Roger Rönnberg (born 27 July 1971) is a Swedish ice hockey player. He was working as head coach of Gothenburg’s SHL team Frölunda HC. He is currently working as head coach of Fribourg National League hockey team, HC Fribourg Gottéron.

== Career ==
Rönnberg started his career behind the bench in the youth ranks of Luleå HF. After serving as assistant coach of the club's men's team in the SHL during the 2006-07 season, he took over the team alongside Roger Kyrö, forming a coaching duo for the following three years.

He is the former head coach of the Sweden men's national junior ice hockey team, but was succeeded by his assistant coach Rikard Grönborg after the 2013 World Junior Ice Hockey Championships where the Junior Crowns lost to USA in the final and brought home Sweden's 9th silver in WJC. Rönnberg was an assistant coach for the Sweden men's national ice hockey team at the 2009, 2010, and 2011 IIHF World Championships.

Rönnberg stepped in as head coach for Frölunda Indians after Kent Johansson in 2013 and rebuilt the team completely.
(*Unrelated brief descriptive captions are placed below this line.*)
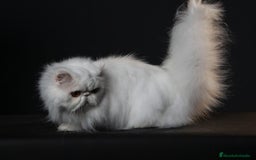 Persa gatos en venta: Persas blancos - Imagen 3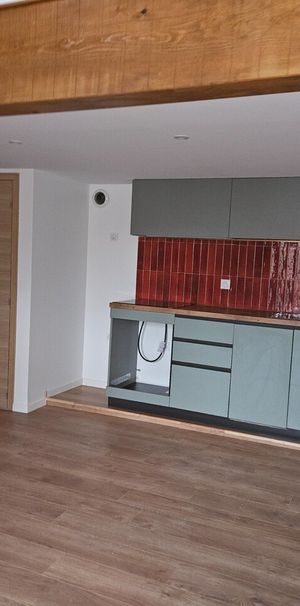 Location Appartement 2 pièces 51m² TOURNON SUR RHONE 07300 - Photo 1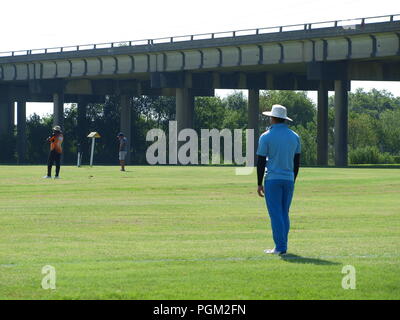 Kricket in Irving Bald Spielen unter den Lichtern Stockfoto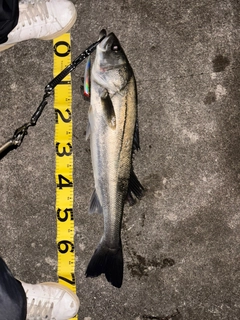 シーバスの釣果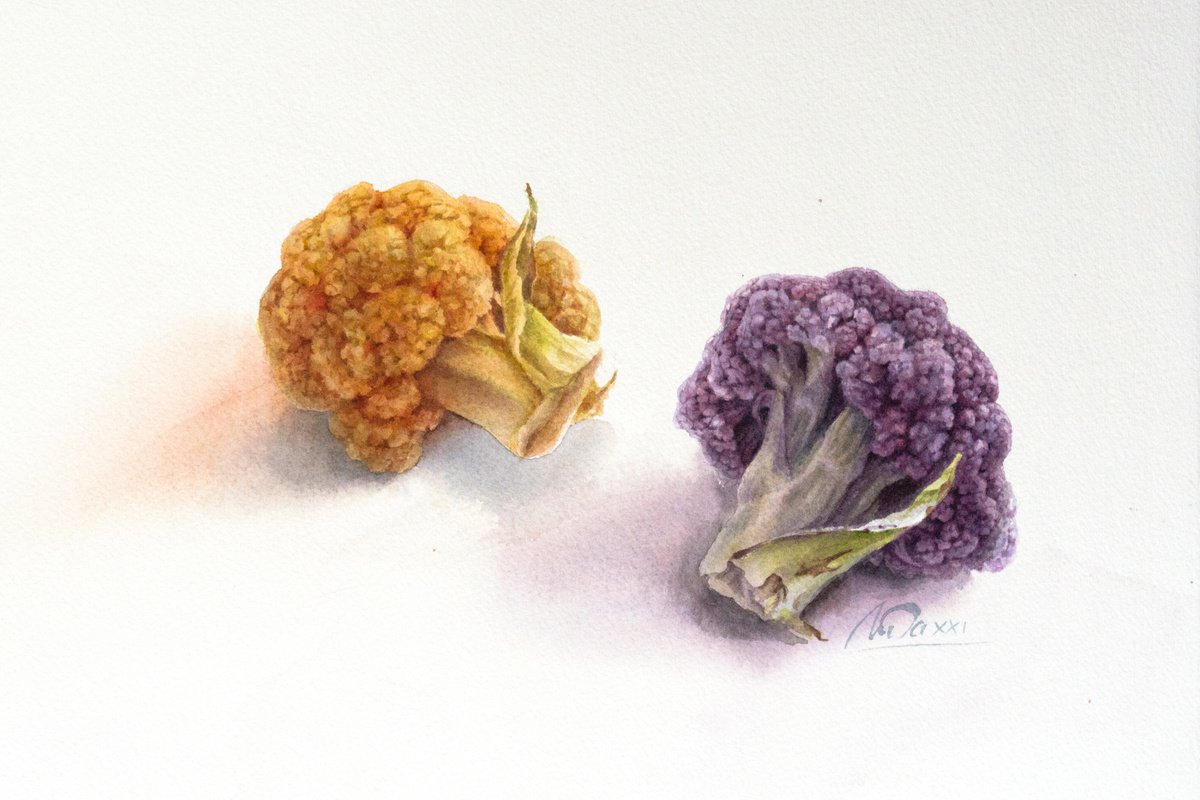 Cauliflower by Lidiya Doukhnevitch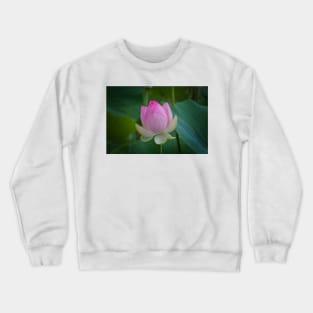 The Water Lily Crewneck Sweatshirt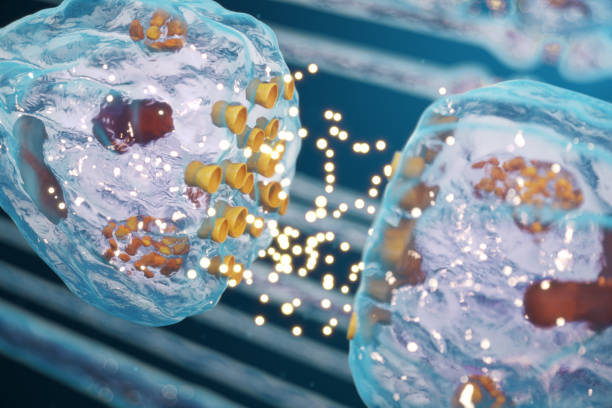 istock Synaptic transmission, human nervous system. Concept consciousness. Brain synapses. Transmission synapse, signals, impulses in brain, information transfer at the cellular or atomic level, 3D Rendering 1147548522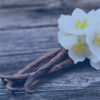 Bergamot Vanilla scent sm Bergamot Vanilla scent sm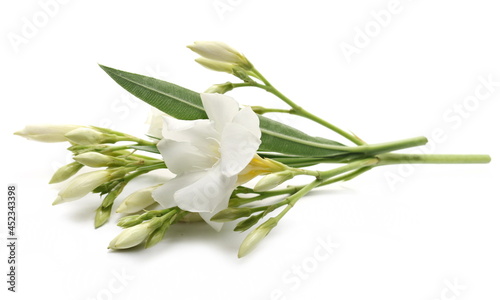 Oleander flowers isolated on white background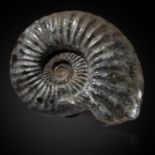 Natural History: A very large astroceras Stellare ammoniteScunthorpe, Jurassic43cm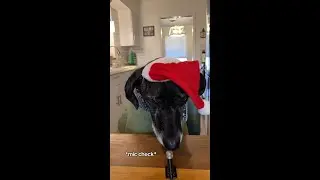 Can Dogs Eat Cranberries?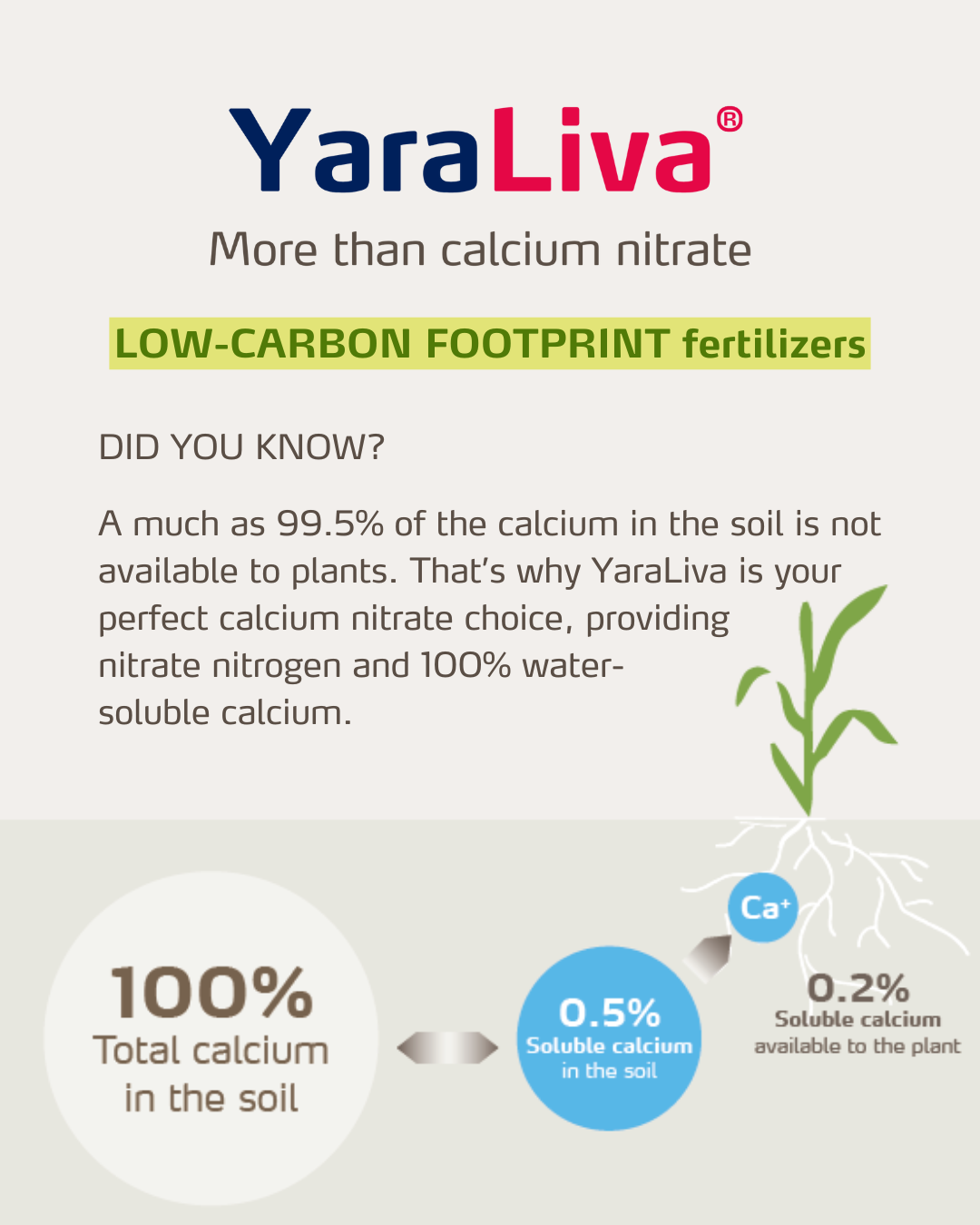 yaraliva social media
Only keeping a few key-players, including captain Joel Lundqvist, Rönnberg broke Frölundas trend of buying expensive players from other teams and instead choose to look for young talents in Gothenburg’s youth teams. Six players that Rönnberg coached in the WJC joined up to play for Frölunda when he took over the team, and a few more after returning from the US or KHL.

In the 2015-16 season, he coached Frölunda to the Swedish national championship and to the Champions Hockey League title.